Question: Mengapa orang-orang jahat, justru cenderung
hidupnya lebih beruntung dan lebih makmur-sejahtera serta terpandang? Pernah
juga saya bertanya kepada guru agama saya di sekolah (sekolah dengan genre agama
samawi), “mengapa orang baik justru
seringkali umurnya pendek, mati muda?” Jawaban yang saya terima, “karena Tuhan sedang memberikan kesempatan
kepada orang jahat tersebut, berupa waktu lebih panjang (umur) untuk bertobat”,
tanggapan mana sangat tidak memuaskan dorongan intelektual yang terus saja menggelitik
otak saya, mengapa Tuhan tidak memberikan kesempatan yang sama kepada orang
baik untuk lebih banyak berbuat kebajikan dalam hidupnya?
Membiarkan orang jahat
berkeliaran, sama artinya Tuhan kian menjeruskan orang jahat tersebut ke dalam
neraka paling dalam sekaligus mengancam kehidupan orang-orang yang selama ini
menjadi korbannya. Mengapa Tuhan salah alamat dalam memberikan “reward” maupun “punishment”, orang baik justru dapat dis-insentif? Ia pikir ia bisa
mengukur dan menjengkal cara berpikir Tuhan dengan cara berpikirnya yang dangkal
dan kekanakan itu? Sayangnya tidak semua anak di sekolah saya punya sikap
kritis seperti saya, namun saya pun tidak berani mendebat, atau mungkin mereka
juga tidak berani mendebat, budaya kita (di Indonesia) tampaknya belum siap
untuk cara-cara dialog maupun ber-dialektika (pedagogi) seperti sekolah-sekolah
di luar negeri yang mana para gurunya terbuka serta menghargai keberanian
beropini murid-muridnya.
Brief Answer: Menanam bibit jagung, tidak sampai satu semester
telah dapat memetik / memanen buahnya. Menanam biji mangga ataupun buah rambutan,
butuh waktu satu dekade agar dapat memetik buah manisnya. Menanam benih pohon
jati, setidaknya butuh satu generasi untuk dapat memanen hasil kayunya. Sama halnya,
ketika seseorang menanam benih-benih Karma Buruk pada kehidupannya di saat
kini, terutama perbuatan-perbuatan jahat yang sangat besar dan luar biasa
jahatnya, besar kemungkinan baru akan berbuah dan matang buah Karma Buruknya
kepada si pembuat kejahatan itu sendiri bukan pada kehidupannya di masa
kehidupan masa kini, namun pada kehidupan-kehidupannya yang akan datang.

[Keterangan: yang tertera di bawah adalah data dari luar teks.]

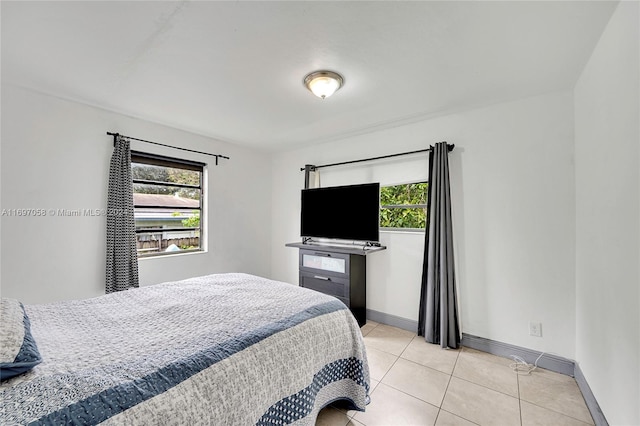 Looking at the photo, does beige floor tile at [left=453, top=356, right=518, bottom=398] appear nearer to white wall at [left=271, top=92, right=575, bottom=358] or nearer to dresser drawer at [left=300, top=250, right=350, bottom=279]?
white wall at [left=271, top=92, right=575, bottom=358]

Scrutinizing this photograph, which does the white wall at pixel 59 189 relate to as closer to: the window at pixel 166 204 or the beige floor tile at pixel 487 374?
the window at pixel 166 204

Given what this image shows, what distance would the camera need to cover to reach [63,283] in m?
2.57

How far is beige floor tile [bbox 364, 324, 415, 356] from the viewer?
2.74 metres

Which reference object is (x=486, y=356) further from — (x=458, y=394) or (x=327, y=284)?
(x=327, y=284)

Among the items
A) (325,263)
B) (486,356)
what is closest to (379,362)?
(486,356)

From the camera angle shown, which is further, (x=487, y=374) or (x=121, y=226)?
(x=121, y=226)

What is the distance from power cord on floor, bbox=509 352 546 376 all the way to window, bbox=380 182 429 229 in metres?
1.50

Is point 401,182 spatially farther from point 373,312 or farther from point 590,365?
point 590,365

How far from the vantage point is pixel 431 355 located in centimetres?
260

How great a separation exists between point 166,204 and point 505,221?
3.82 m

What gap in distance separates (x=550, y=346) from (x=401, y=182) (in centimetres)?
206

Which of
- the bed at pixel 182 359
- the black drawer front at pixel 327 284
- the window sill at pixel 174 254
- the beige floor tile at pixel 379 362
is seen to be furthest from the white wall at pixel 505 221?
the window sill at pixel 174 254

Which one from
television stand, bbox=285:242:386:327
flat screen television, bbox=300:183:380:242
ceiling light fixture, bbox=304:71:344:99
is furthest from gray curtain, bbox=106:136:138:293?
ceiling light fixture, bbox=304:71:344:99

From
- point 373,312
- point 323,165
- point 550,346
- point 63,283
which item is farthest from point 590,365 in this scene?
point 63,283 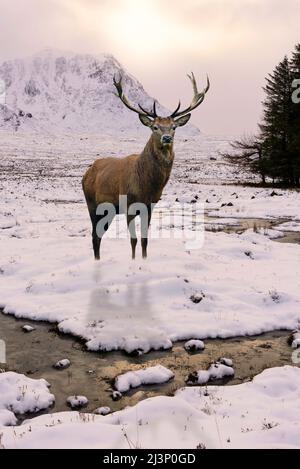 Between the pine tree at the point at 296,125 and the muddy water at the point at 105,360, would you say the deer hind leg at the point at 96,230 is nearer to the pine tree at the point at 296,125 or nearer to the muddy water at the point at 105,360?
the muddy water at the point at 105,360

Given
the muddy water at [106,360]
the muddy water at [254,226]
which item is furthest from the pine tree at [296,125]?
the muddy water at [106,360]

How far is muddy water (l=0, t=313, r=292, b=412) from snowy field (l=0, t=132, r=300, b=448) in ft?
0.74

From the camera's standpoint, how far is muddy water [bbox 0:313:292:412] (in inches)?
229

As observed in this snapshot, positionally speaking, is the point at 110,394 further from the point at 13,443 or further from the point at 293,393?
the point at 293,393

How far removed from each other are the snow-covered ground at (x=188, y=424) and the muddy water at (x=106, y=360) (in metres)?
0.42

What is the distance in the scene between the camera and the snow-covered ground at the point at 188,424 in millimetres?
4367

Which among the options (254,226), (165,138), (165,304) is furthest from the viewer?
(254,226)

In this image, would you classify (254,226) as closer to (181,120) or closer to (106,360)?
(181,120)

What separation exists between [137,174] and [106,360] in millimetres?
4664

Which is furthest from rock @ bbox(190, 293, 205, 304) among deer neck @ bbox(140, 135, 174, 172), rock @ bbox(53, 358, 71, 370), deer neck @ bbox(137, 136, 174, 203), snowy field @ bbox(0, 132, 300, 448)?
rock @ bbox(53, 358, 71, 370)

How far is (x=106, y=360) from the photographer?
21.9ft

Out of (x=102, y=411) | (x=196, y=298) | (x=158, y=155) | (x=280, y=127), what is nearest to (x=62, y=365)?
(x=102, y=411)

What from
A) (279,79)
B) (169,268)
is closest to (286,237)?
(169,268) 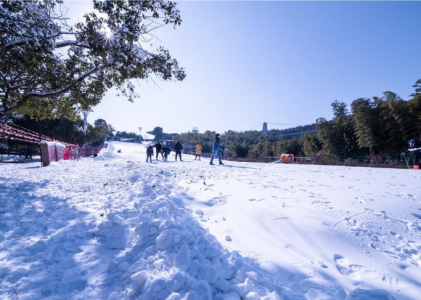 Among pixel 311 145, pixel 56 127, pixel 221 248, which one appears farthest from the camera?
pixel 311 145

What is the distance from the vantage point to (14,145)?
28.5 meters

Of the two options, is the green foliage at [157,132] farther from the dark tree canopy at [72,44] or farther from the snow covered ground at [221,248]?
the snow covered ground at [221,248]

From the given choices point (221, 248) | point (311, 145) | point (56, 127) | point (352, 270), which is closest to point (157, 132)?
point (56, 127)

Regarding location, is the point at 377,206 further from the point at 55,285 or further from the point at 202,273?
the point at 55,285

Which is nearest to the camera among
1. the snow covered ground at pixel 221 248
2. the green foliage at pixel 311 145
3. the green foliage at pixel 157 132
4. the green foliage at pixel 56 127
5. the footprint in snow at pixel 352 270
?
the snow covered ground at pixel 221 248

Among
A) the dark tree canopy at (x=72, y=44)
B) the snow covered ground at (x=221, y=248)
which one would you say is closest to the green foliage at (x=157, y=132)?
the dark tree canopy at (x=72, y=44)

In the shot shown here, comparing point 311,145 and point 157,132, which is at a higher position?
point 157,132

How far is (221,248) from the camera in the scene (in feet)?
8.02

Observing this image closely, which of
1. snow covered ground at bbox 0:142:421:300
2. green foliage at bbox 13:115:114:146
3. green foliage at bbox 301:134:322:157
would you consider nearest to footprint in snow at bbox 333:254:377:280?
snow covered ground at bbox 0:142:421:300

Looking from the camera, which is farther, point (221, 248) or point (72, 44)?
point (72, 44)

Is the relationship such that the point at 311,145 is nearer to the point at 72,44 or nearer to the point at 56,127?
the point at 72,44

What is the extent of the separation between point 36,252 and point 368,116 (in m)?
26.0

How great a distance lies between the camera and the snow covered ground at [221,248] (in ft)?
6.09

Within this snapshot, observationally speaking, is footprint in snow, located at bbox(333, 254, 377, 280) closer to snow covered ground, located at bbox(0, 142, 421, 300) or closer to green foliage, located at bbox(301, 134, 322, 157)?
snow covered ground, located at bbox(0, 142, 421, 300) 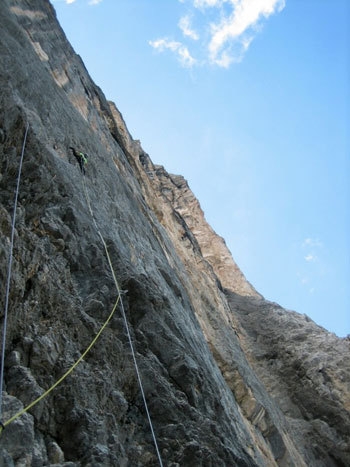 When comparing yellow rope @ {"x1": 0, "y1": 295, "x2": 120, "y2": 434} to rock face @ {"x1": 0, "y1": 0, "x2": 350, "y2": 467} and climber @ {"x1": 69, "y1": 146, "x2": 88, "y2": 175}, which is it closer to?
rock face @ {"x1": 0, "y1": 0, "x2": 350, "y2": 467}

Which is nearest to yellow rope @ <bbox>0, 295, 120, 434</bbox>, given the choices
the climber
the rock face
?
the rock face

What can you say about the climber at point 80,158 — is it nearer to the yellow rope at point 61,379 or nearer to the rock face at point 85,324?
the rock face at point 85,324

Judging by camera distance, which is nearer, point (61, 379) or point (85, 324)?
point (61, 379)

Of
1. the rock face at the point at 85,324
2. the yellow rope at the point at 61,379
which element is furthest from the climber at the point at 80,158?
the yellow rope at the point at 61,379

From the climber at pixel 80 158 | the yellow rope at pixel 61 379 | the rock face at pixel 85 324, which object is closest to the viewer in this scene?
the yellow rope at pixel 61 379

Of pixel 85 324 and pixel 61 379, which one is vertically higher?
pixel 85 324

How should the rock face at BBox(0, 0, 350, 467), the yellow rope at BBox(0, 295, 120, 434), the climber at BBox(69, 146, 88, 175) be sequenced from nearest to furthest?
1. the yellow rope at BBox(0, 295, 120, 434)
2. the rock face at BBox(0, 0, 350, 467)
3. the climber at BBox(69, 146, 88, 175)

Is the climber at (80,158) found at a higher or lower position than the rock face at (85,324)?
higher

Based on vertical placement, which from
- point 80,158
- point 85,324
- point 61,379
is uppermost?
point 80,158

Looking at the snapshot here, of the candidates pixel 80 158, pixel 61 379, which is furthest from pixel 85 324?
pixel 80 158

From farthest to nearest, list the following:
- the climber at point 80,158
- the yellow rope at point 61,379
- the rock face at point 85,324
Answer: the climber at point 80,158, the rock face at point 85,324, the yellow rope at point 61,379

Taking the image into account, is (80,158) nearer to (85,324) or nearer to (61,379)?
(85,324)

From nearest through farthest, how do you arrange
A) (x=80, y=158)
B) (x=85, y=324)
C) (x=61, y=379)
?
(x=61, y=379)
(x=85, y=324)
(x=80, y=158)

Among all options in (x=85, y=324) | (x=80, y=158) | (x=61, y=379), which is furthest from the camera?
(x=80, y=158) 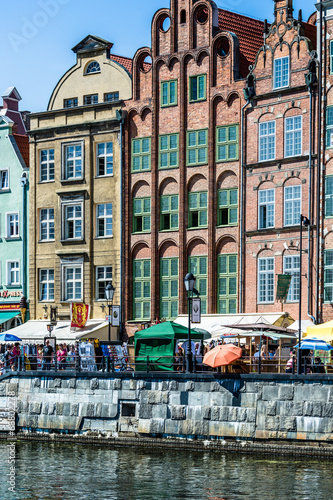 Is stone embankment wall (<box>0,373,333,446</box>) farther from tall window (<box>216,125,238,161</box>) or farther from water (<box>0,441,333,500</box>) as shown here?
tall window (<box>216,125,238,161</box>)

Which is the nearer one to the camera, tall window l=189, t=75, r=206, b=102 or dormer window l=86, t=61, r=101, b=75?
tall window l=189, t=75, r=206, b=102

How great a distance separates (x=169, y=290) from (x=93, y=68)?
12886 mm

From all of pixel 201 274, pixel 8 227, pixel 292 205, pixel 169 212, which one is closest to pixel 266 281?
pixel 292 205

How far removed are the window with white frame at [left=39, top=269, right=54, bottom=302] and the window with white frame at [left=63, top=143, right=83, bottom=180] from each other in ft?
17.0

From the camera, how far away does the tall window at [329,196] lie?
48.5 m

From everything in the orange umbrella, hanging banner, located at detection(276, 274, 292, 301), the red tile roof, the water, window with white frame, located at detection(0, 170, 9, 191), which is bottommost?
the water

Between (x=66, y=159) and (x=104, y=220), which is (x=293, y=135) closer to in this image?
(x=104, y=220)

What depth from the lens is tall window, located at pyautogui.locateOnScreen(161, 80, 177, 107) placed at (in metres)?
55.3

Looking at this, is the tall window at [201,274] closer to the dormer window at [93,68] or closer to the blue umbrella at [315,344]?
the dormer window at [93,68]

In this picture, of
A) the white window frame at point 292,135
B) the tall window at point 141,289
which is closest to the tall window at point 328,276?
the white window frame at point 292,135

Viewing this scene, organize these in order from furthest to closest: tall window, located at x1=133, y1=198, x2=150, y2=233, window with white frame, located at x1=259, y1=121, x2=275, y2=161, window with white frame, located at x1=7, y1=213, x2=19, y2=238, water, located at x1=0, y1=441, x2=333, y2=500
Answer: window with white frame, located at x1=7, y1=213, x2=19, y2=238 < tall window, located at x1=133, y1=198, x2=150, y2=233 < window with white frame, located at x1=259, y1=121, x2=275, y2=161 < water, located at x1=0, y1=441, x2=333, y2=500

Menyadari hal tersebut, terutama perihal prinsip
kerja dibalik Hukum Karma, tidak dapat lagi kita bersikap egois maupun “masak
bodoh” terhadap masa depan diri kita sendiri, pada kehidupan kita di masa
mendatang terutama pada kelahiran-kelahiran kita di kehidupan yang selanjutnya.
Itulah juga salah satu kelemahan Hukum Karma, yakni tidak efisien dari segi
waktu berbuahnya, dimana kita selaku pihak eksternal maupun diri si pelaku
kejahatan itu sendiri bisa jadi memandang seolah tiada konsekuensi Karma dibalik
aksi-aksi kejahatannya, karena sang pelakunya masih bisa hidup berkecukupan,
mapan, serta termasyur bahkan memiliki banyak penggemar ataupun massa pengikut dan
pengaruh-kekuasaan.
Pertimbangkan pula satu fakta berikut : JIka
Hukum Karma memang layak dan patut dilekati, bukan sekadar sebagai sarana agar
kita punya modal yang memadai untuk bisa berjuang dengan selamat sampai ke “pantai
seberang” (pembebasan dari tumimbal lahir), maka mengapa Sang Buddha Siddhatta
Gotama justru melepaskan seluruh timbunan Karma Bajik (parami) yang telah pernah ditanam olehnya pada berbagai kehidupan-kehidupan
yang tidak terhitung lagi jumlah kelahiran-kelahiran pada kehidupan-kehidupan-Nya
sebelumnya?
Karena Sang Buddha telah mengenal dan mengetahui
bahwa Hukum Karma pun tidak patut dilekati untuk selamanya, karena mengandung
kelemahan dari segi waktu berbuahnya. Namun Karma Baik adalah sarana penting
bagi kita untuk dapat berjuang mencapai “pembebasan sempurna” pada kehidupan
kita yang akan datang atau pada kehidupan selanjutnya saat jumlah timbunannya
telah memadai, sehingga kita tetap butuh “modal” berupa Karma Baik sebagai “bahan
bakar”-nya.
Ketika kita telah tiba di “pantai seberang”,
lepaskan / tanggalkan “perahu” yang telah berhasil membawa kita ke “pantai
seberang”, tanpa perlu lagi direpotkan menggotong-gotong perahu itu kemana pun
kita pergi dan melangkahkan kaki. Seperti terbang tinggal-landasnya pesawat ulang-alik
luar angkasa, butuh tangki bahan bakar yang masif untuk bisa membawa pesawat
tersebut mengangkasa ke luar orbit Planet Bumi. Setibanya di angkasa, tangki
tersebut pun perlu dilepaskan dari tubuh pesawat. Gaya gravitasi, dalam hal ini
tumimbal lahir, bukanlah perkara mudah untuk dihadapi, butuh timbunan Karma
Baik yang luar biasa besar yang perlu kita cicil menanam dan menimbunnya dari
satu kehidupan ke kehidupan berikutnya—bahkan konon hingga ber-kalpa-kalpa.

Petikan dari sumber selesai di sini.